The loss of the applicant’s contribution to a home-based family business and its financial consequences to the family are not dissimilar to the financial consequences which would be suffered by an inability to undertake part-time or full-time employment as a result of imprisonment. The family unit loses a significant source of income and the capacity to service a mortgage or to pay rent. Those features do not place this case in the category of exceptional circumstances discussed in cases such as Edwards. The probable effect on family or dependants must be exceptional before it could be given substantial weight for the purposes of s 16A(2)(p) of the Crimes Act 1914 (Cth). This is not such an exceptional case. I would decline the application to adduce into evidence the affidavits of the applicant and his wife.
If, however, the evidence had been received by this Court, it would have added additional detail about the applicant’s wife’s poor state of health and one aspect of the financial hardship which the applicant and his wife will suffer as a result of his being imprisoned. The particular relevance of the evidence of her health relates to her inability to carry on the baking business on her own and without his assistance with heavy lifting and transportation. It has an additional relevance in terms of hardship to the applicant personally in knowing the difficulty his wife is experiencing without his assistance. However, there is nothing exceptional about that aspect: offenders with responsibility for the care of another often suffer the hardship and distress of knowing that imprisonment makes them unavailable to care for a loved one.

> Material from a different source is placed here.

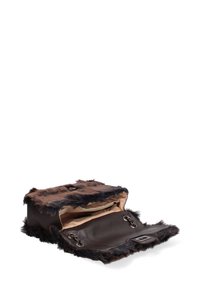 Borsa in finta pelliccia e pelle, di forma rettangolare, marrone con accenti neri, aperta per rivelare un interno marrone e compartimenti. Superficie texturizzata.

As to the financial hardship caused by the applicant’s wife’s physical inability to operate the baking business on her own, the reason the applicant did not tell his former solicitors about an existing business and allowed the sentencing judge to be told that he was a pensioner and basically unemployed are unexplained. Even now it is unclear whether the applicant and his wife were in receipt of aged, carer’s or other pensions at the time of sentence. The applicant’s inability to assist in the business will have an effect on its viability, assuming other family members are unable or unwilling to do what he did in the business. The closure of the business will have an unquantified effect on the income of the applicant and his wife, and consequences for their family if the applicant and his wife cannot pay the rent they currently pay.
The potential hardship to the applicant’s wife and family are not so exceptional as to require it to be taken into account as a specific and particular matter so as to result in a substantial reduction of the sentence which would otherwise be justified when account is taken, in a general sense, of the probable effect of the sentence upon the applicant and his family.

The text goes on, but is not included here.